Pulled pork #2 (no foil)

Nel mio precedente articolo avevo documentato la mia interpretazione del Pulled Pork (maiale sfilacciato). Il risultato, ripetuto più volte, è sempre stato apprezzato. Magari non perfetto (manca l’affumicatura data dal BBQ) ma perfettibile giocando con rub diversi e, perchè no, iniezioni.
Però mi son detto “In rete si trovano molte ricette (americane) di Pulled Pork senza uso di foil. Si può fare ?”. Considerando che se si evita l’uso del foil a questo punto basterebbe mettere il pezzo in forno/bbq e lo si dimentica sino alla cottura.
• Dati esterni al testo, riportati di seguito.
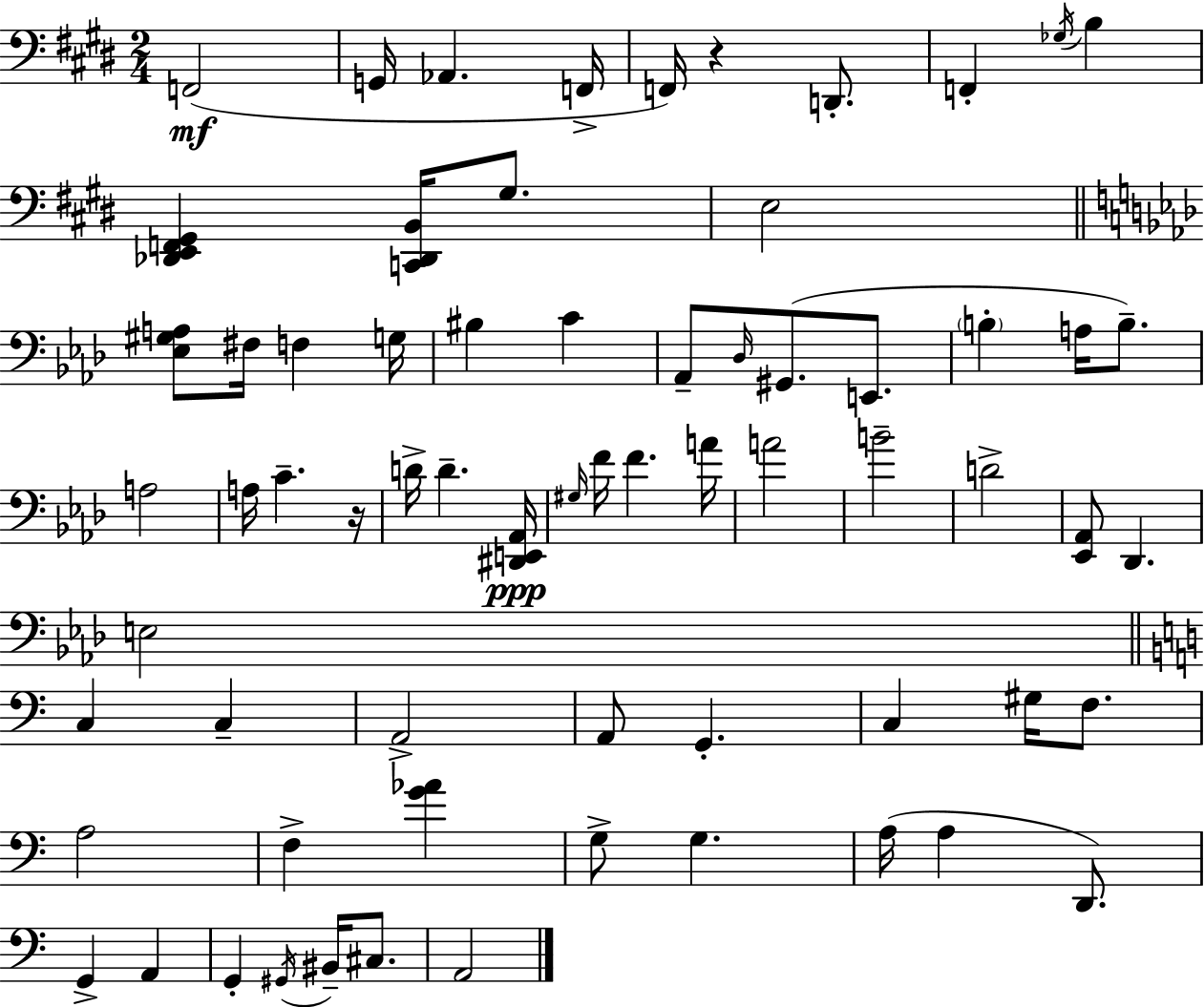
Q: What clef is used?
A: bass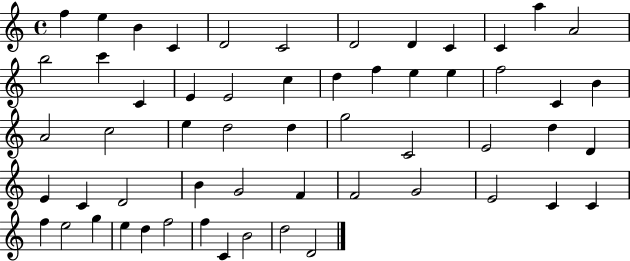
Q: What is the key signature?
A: C major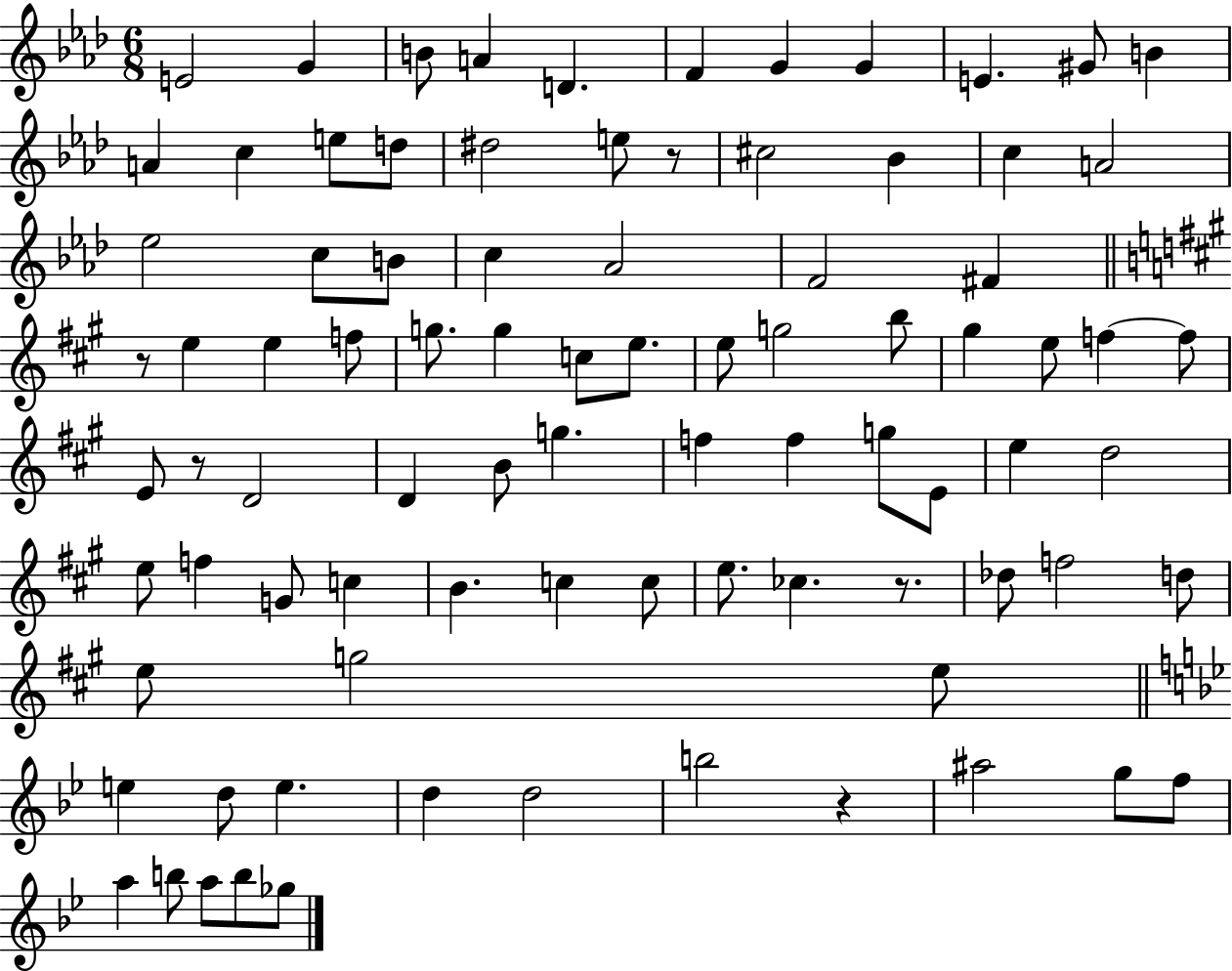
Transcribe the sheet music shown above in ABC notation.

X:1
T:Untitled
M:6/8
L:1/4
K:Ab
E2 G B/2 A D F G G E ^G/2 B A c e/2 d/2 ^d2 e/2 z/2 ^c2 _B c A2 _e2 c/2 B/2 c _A2 F2 ^F z/2 e e f/2 g/2 g c/2 e/2 e/2 g2 b/2 ^g e/2 f f/2 E/2 z/2 D2 D B/2 g f f g/2 E/2 e d2 e/2 f G/2 c B c c/2 e/2 _c z/2 _d/2 f2 d/2 e/2 g2 e/2 e d/2 e d d2 b2 z ^a2 g/2 f/2 a b/2 a/2 b/2 _g/2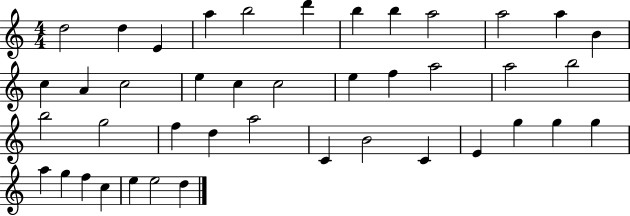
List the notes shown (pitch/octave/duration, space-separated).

D5/h D5/q E4/q A5/q B5/h D6/q B5/q B5/q A5/h A5/h A5/q B4/q C5/q A4/q C5/h E5/q C5/q C5/h E5/q F5/q A5/h A5/h B5/h B5/h G5/h F5/q D5/q A5/h C4/q B4/h C4/q E4/q G5/q G5/q G5/q A5/q G5/q F5/q C5/q E5/q E5/h D5/q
Quindi per 7-9 ore sono libero di fare quello che voglio.

Ho deciso di agire in questo modo:
– uso del waterpan : una vaschetta di alluminio con acqua per aumentare l’umidità nel forno nella speranza di ridurre l’asciugatura della coppa
– iniezioni di componente liquida aromatica per dare ulteriore umidità e sapore
– cottura a 110°C anziché i precedenti 120°C
– incrocio di dita

Injection (anche qui ricetta scopiazzata dalla rete e adattata):

  • 2 cucchiaini di sale
  • 1 cucchiaino di zucchero
  • 1 cucchiaino di salsa Worchestershire
  • 2 cucchiaini di aceto di mele
  • 5 cucchiai di succo di mela (attenzione: se lo trovate già zuccherato non mettete lo zucchero indicato sopra)
  • 3 cucchiai di rhum
  • 7 cucchiai di acqua

Inizio con la solita coppa da 1.5Kg come nell’articolo precedente e la tengo a temperatura ambiente per 3 h

Dopodiché preparo la mistura per le iniezioni e mi diverto una dozzina di volte a bucherellarla iniettando delicatamente e, mentre inietto, sfilo lentamente l’ago così da riempire il ‘canale’ di liquido.
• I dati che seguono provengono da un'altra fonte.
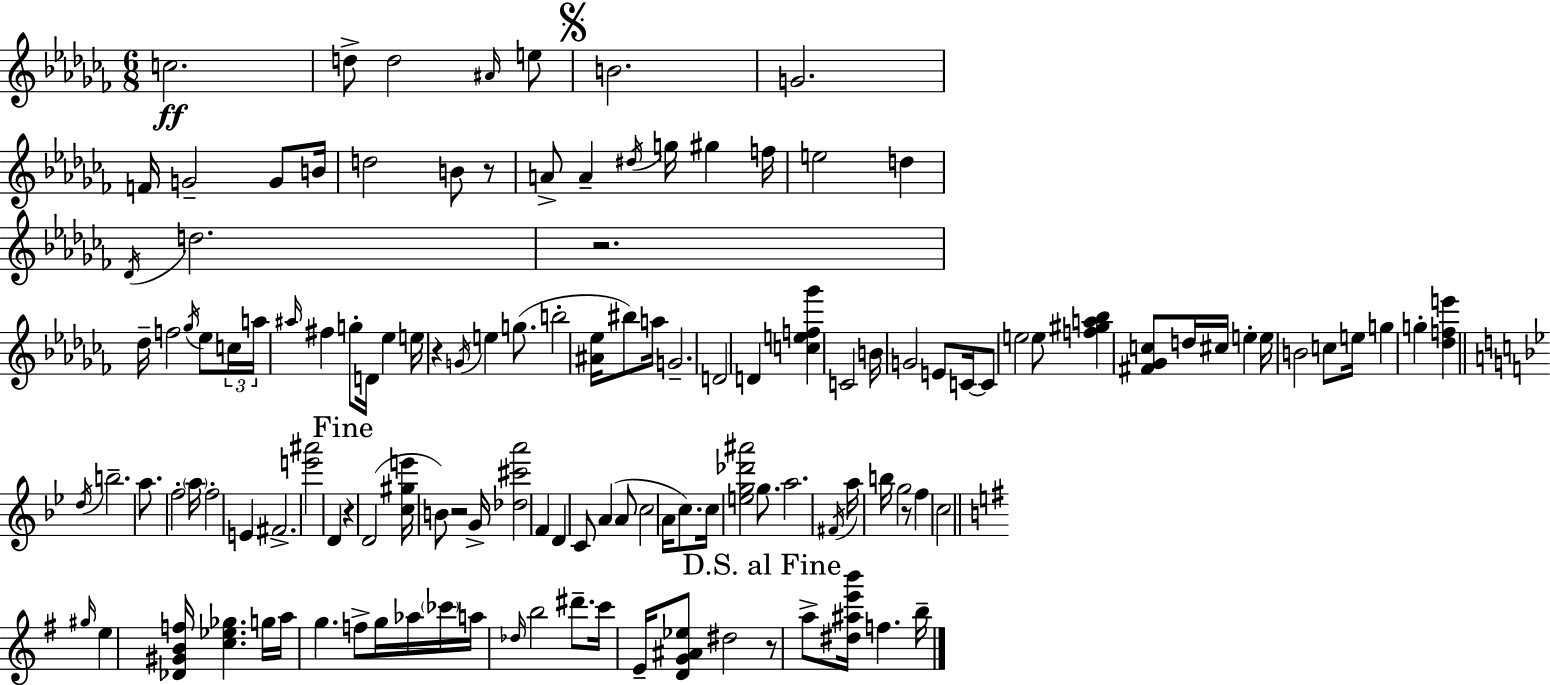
X:1
T:Untitled
M:6/8
L:1/4
K:Abm
c2 d/2 d2 ^A/4 e/2 B2 G2 F/4 G2 G/2 B/4 d2 B/2 z/2 A/2 A ^d/4 g/4 ^g f/4 e2 d _D/4 d2 z2 _d/4 f2 _g/4 _e/2 c/4 a/4 ^a/4 ^f g/2 D/4 _e e/4 z G/4 e g/2 b2 [^A_e]/4 ^b/2 a/4 G2 D2 D [cef_g'] C2 B/4 G2 E/2 C/4 C/2 e2 e/2 [f^ga_b] [^F_Gc]/2 d/4 ^c/4 e e/4 B2 c/2 e/4 g g [_dfe'] d/4 b2 a/2 f2 a/4 f2 E ^F2 [e'^a']2 D z D2 [c^ge']/4 B/2 z2 G/4 [_d^c'a']2 F D C/2 A A/2 c2 A/4 c/2 c/4 [eg_d'^a']2 g/2 a2 ^F/4 a/4 b/4 g2 z/2 f c2 ^g/4 e [_D^GBf]/4 [c_e_g] g/4 a/4 g f/2 g/4 _a/4 _c'/4 a/4 _d/4 b2 ^d'/2 c'/4 E/4 [DG^A_e]/2 ^d2 z/2 a/2 [^d^ae'b']/4 f b/4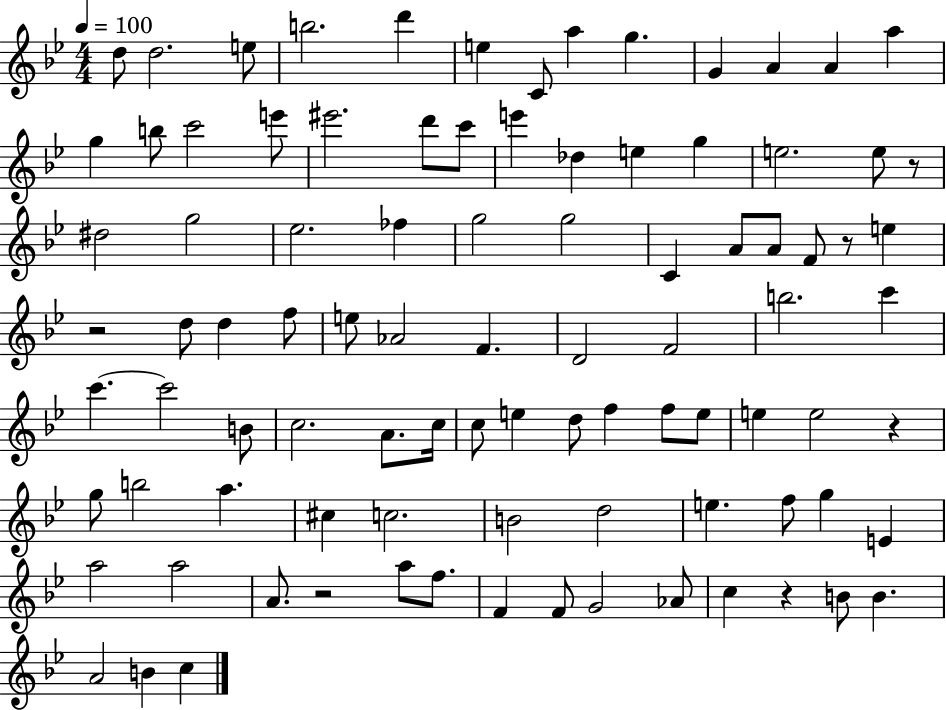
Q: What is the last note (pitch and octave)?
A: C5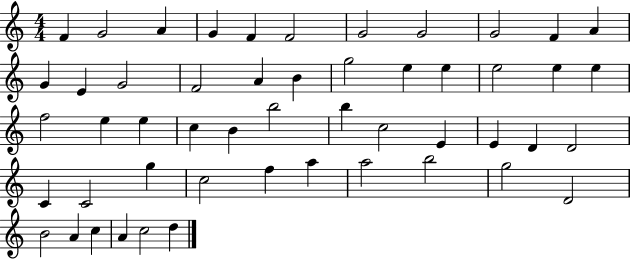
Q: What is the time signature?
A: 4/4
Una bella asciugata ed è ora di una massaggiata con poca senape e poi del rub #18

E per finire in forno a 110°C con il waterpan

Ci sono volute 9 ORE per arrivare ad un decente 93°C (2 in più della volta precedente). Le ultime ore sono state uno stillicidio con incremento di temperatura di 1°C ogni 30 min. Ecco dove il foil fa la differenza. Comunque di liquidi nella tegliane sono rimasti in buona quantità. Pensavo evaporassero tutti invece…
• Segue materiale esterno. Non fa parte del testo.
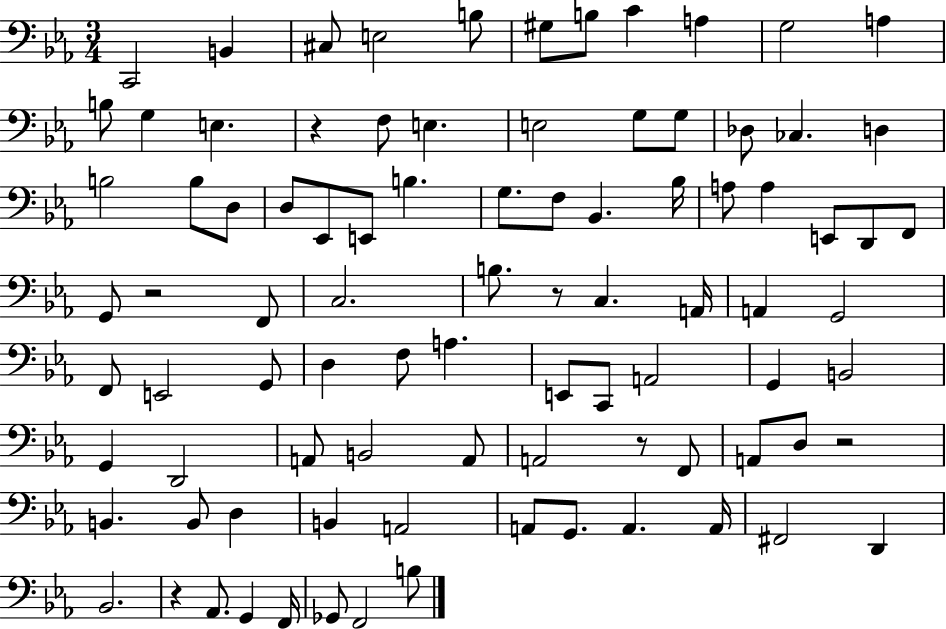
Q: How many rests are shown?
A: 6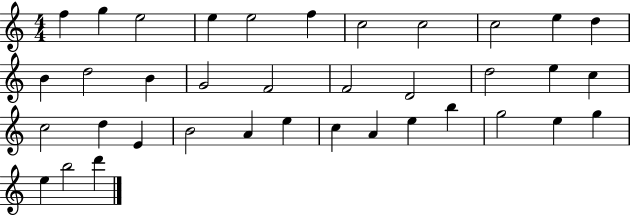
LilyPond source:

{
  \clef treble
  \numericTimeSignature
  \time 4/4
  \key c \major
  f''4 g''4 e''2 | e''4 e''2 f''4 | c''2 c''2 | c''2 e''4 d''4 | \break b'4 d''2 b'4 | g'2 f'2 | f'2 d'2 | d''2 e''4 c''4 | \break c''2 d''4 e'4 | b'2 a'4 e''4 | c''4 a'4 e''4 b''4 | g''2 e''4 g''4 | \break e''4 b''2 d'''4 | \bar "|."
}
A questo punto 20 minuti in forno ventilato a 170°C per asciugarla un pò

e poi ….. (paura paura paura) ….. SI PULLA !!

Appena pullata ho subito messo i suoi liquidi perchè la carne era … assetata. L’ho lasciata raffreddare (era per cena). Prima della cena ho messo salsa BBQ e poi in forno per un veloce riscaldamento.

Il risultato rispetto al precedente è poco diverso:
– La carne è leggermente più asciutta. Si pulla senza difficoltà (anche a 93°C) ma si vede che le fibre sono meno umide
– Il gusto dato dalle injection c’è e si sente. Anche troppo. Non so, c’è qualcosa che non mi convince. Un retrogusto troppo dolciastro. Unita la salsa BBQ invece ha cambiato completamente gusto ed era molto buono.

Dopo il riscaldamento pre-cena a 170°C devo dire che non era asciutto. A detta di chi aveva provato entrambe le versioni, erano praticamente identiche. I miei commensali hanno spazzato tutto. Forse forse, stranamente, questo sembrava come … più “lesso”. La carne precedente fatta con il foil era più “arrosto” e meno “bollito”. Forse la lunga cottura ha rovinato un pò le fibre.

Quindi che dire ? Che l’esperimento è riuscito ma per un risultato ottimale forse è meglio usare il foil. Ma anche foil il risultato è quasi identico.